-------- Material for this exercise --------
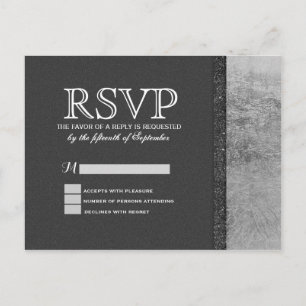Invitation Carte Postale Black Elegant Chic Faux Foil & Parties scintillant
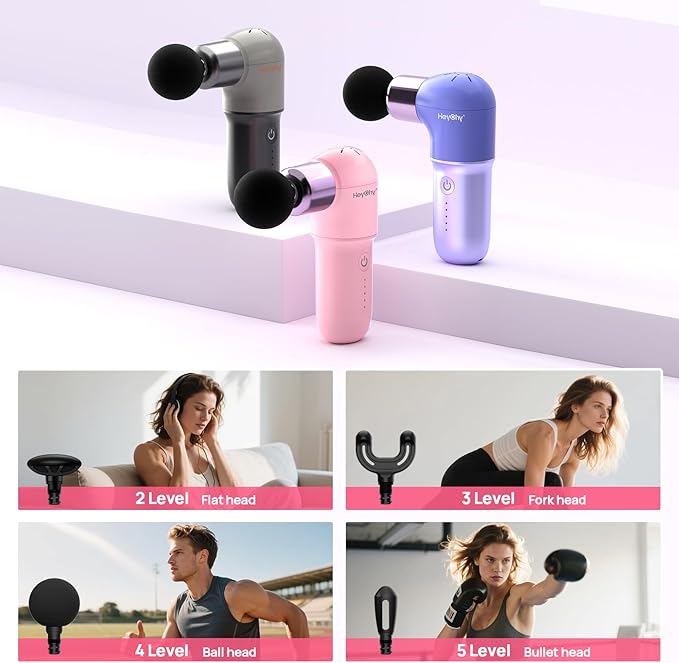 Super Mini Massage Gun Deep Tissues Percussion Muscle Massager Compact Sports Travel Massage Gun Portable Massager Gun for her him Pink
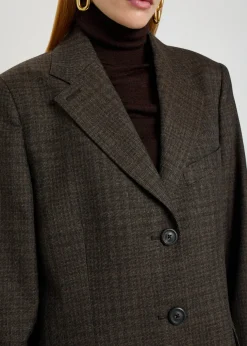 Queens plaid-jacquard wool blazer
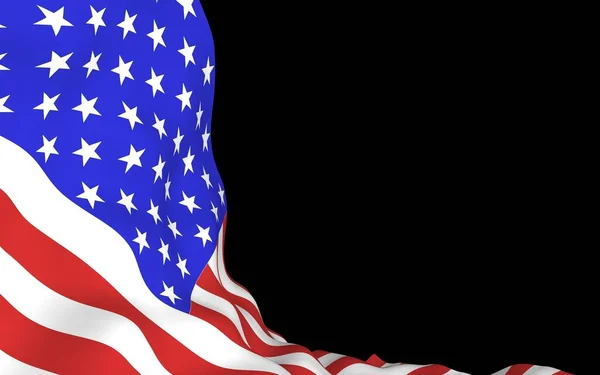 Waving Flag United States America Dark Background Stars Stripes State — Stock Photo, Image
--------
-------- Material for this exercise --------
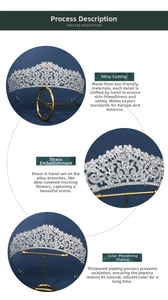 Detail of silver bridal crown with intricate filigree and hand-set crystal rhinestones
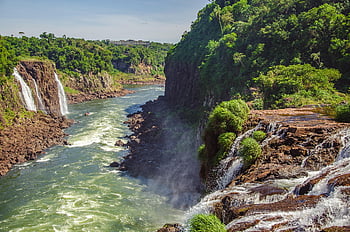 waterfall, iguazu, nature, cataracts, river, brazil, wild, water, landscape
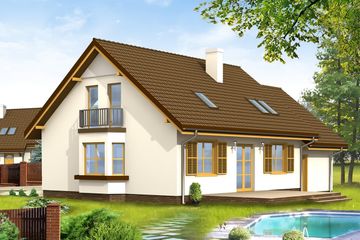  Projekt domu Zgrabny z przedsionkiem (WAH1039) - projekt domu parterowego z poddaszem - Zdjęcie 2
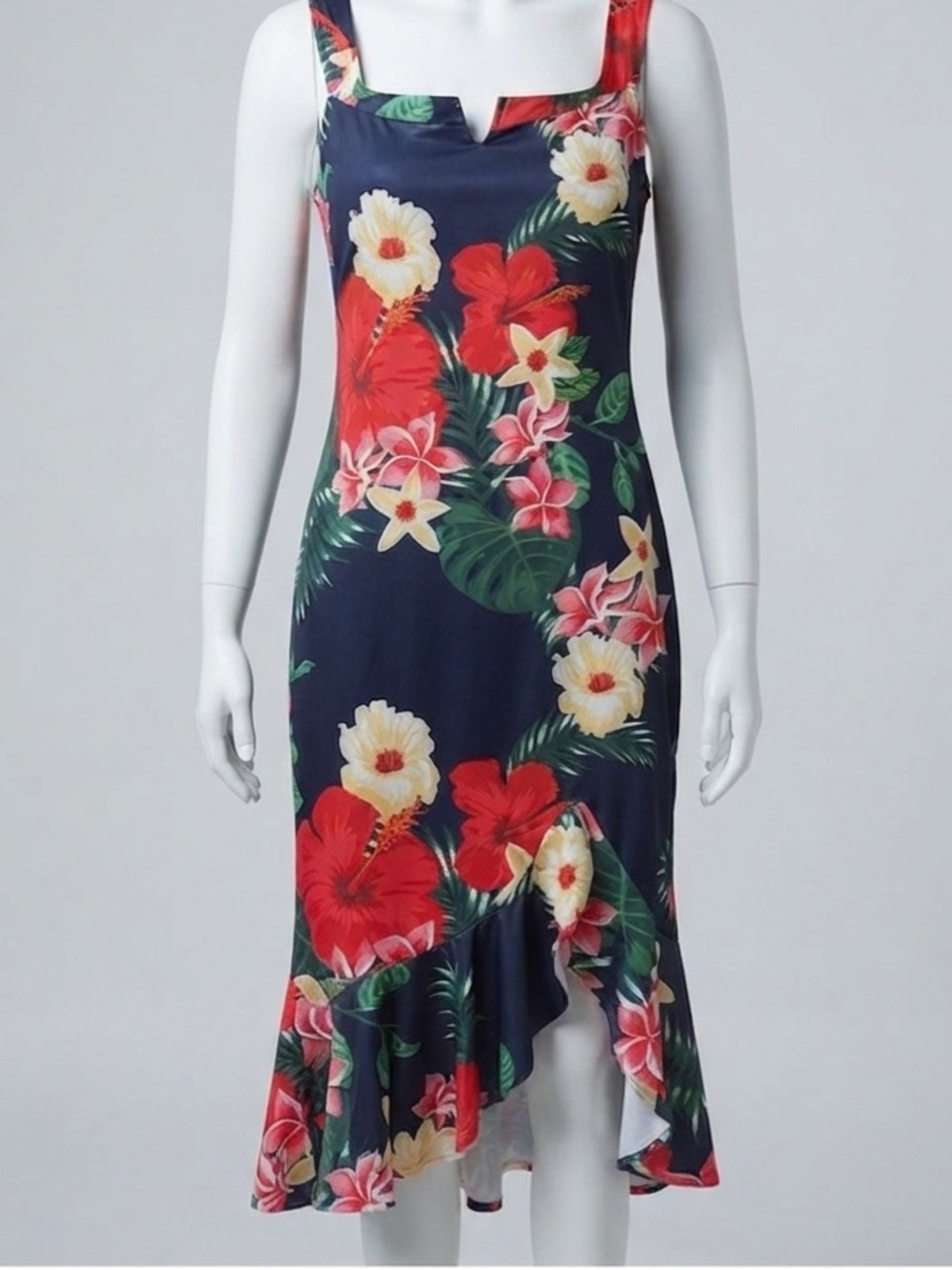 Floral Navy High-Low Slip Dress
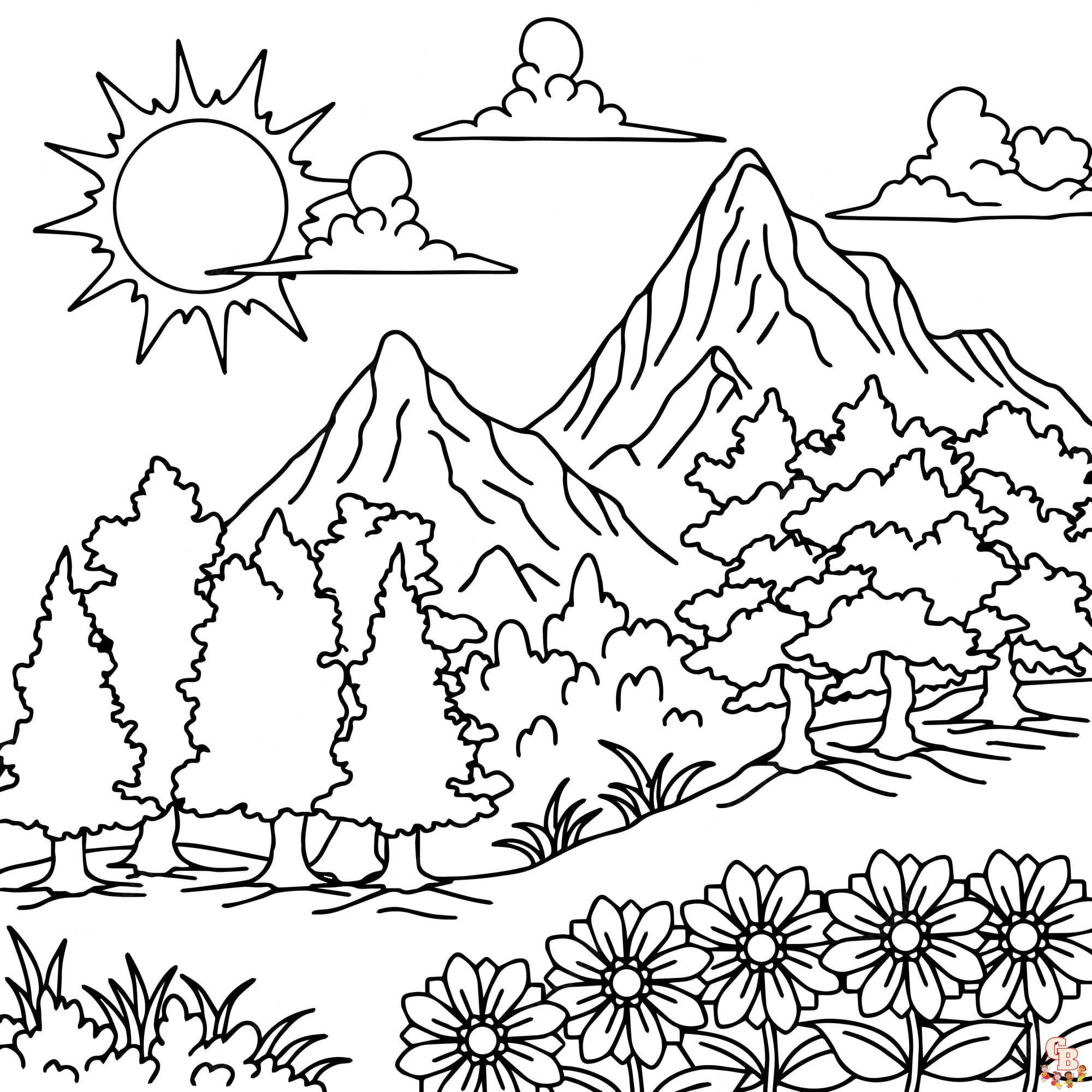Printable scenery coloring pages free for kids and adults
--------
-------- Material for this exercise --------
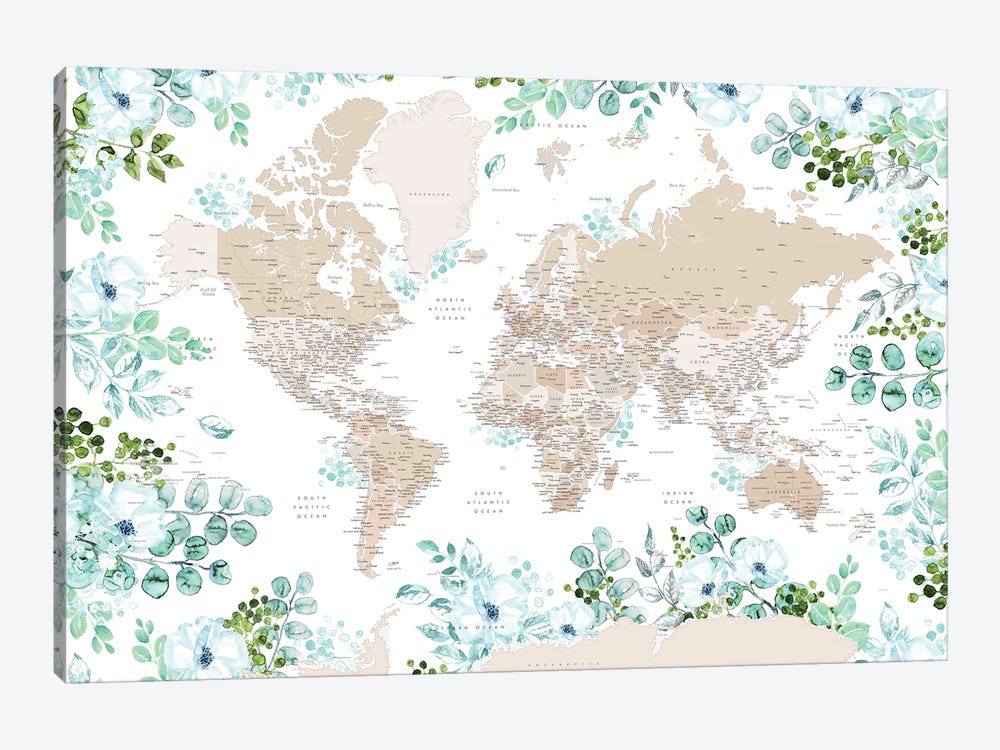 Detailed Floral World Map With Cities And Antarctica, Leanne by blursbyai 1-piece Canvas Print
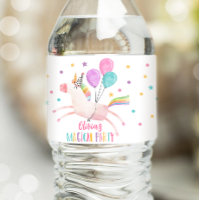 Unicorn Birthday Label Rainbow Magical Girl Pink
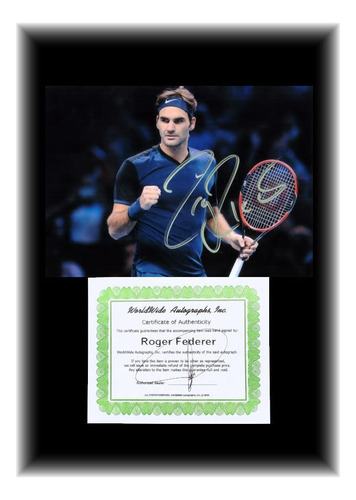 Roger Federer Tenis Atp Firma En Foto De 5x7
--------
**Exercise goal**
In the entries above, find the line with "Invitation Carte Postale" and the line with "Waving Flag United". Write out exactly those two lines and every line between them, pictures excluded.

**Response box**
Invitation Carte Postale Black Elegant Chic Faux Foil & Parties scintillant
 Super Mini Massage Gun Deep Tissues Percussion Muscle Massager Compact Sports Travel Massage Gun Portable Massager Gun for her him Pink
 Queens plaid-jacquard wool blazer
 Waving Flag United States America Dark Background Stars Stripes State — Stock Photo, Image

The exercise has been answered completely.